Published: Thursday, Sept. 16 1999 12:00 a.m. MDT

The BYU football program will get double exposure on cable tonight. In addition to the Cougars' game against Colorado State (6 p.m., ESPN), "Real Sports with Bryant Gumbel" (11 p.m., HBO) reports on former running back Ronney Jenkins' expulsion from the school.

What got him expelled? "To my understanding, it was having sex," Jenkins tells the reporter.The 11-minute report -- sandwiched between segments on baseball and minorities and pedophile youth coaches -- includes the most extensive comments to date by Jenkins on his troubles at BYU. And, not surprisingly, it's reported with some degree of incredulousness.

"If every college player got expelled for having sex, few schools would be able to field a team," the report intones. "But BYU's not just every school. It's a Mormon school, owned and run by the Church of Latter-day Saints."

(They don't quite manage to get the name of the church right.)

Jenkins acknowledges that he was warned that having sex outside of marriage would get him in trouble. He admits he didn't take the prohibition very seriously.

"I took it like -- we can't have sex, but as long as nobody finds out, we all do it," he says.

And he admits that, after being suspended for a season for his first infraction, he was told that -- if he broke the BYU honor code again -- he'd be expelled.

Still, he isn't particularly repentant.

"Sex is quite normal to me," he says. "It's not a crime to me. It's not like I tried to have sex just to break rules. It wasn't like that. In their eyes, it was wrong. . . . Is it wrong to me? No, it's not wrong to me, because it's quite normal. It's not like I was out there shooting people, robbing banks, stealing from stores."

(The report does point out that Jenkins' then-girlfriend, now-wife was also expelled from BYU.)

Jenkins also insists that he was just one of many athletes who violated the honor code and alleges that he was singled out because he was a football player -- and black.

"I think so, because I'm black and I'm an athlete," he says. "We get all the attention up there. Everybody know us. There's a lot of guys that are doing worse than I am doing. I mean, we would be together at parties and stuff and you'd see things with your own eyes. No one even thought about the honor code."

The report cites a "big discrepancy in the rate at which African-American athletes are suspended for honor code violations at BYU." Somewhat melodramatically, viewers are told that " 'Real Sports' has obtained" a list of 25 BYU football players who committed major honor code violations over the past decade, and that 17 of them were black.

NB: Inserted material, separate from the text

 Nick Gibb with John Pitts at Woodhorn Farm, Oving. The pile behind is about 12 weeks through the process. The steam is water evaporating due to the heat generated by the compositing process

This is not a hatchet job on BYU -- some tough but reasonable questions are asked.

Janet S. Scharman, BYU's dean of students, discusses the honor code and addresses the question of whether it's fair to hold non-Mormons to the same standards as the LDS students.

Athletic director Val Hale is asked whether BYU has ever "glossed over" the honor code to attract top athletes.

"I think there's always that temptation, and we've probably been guilty of that in the past," Hale says. "We try to do a good job of telling them what it's like here. Sometimes that's hard."

The report makes much of the fact that some other athletes have been in trouble with the law but have remained on the team while Jenkins -- who violated the honor code but not the law -- was expelled. And that air of incredulousness arises again when Hale points out that Jenkins was given a second chance while the others were first-time offenders.

"I think to an outsider, the idea of equating gun-possession with sex is going to seem kind of strange," the reporter says.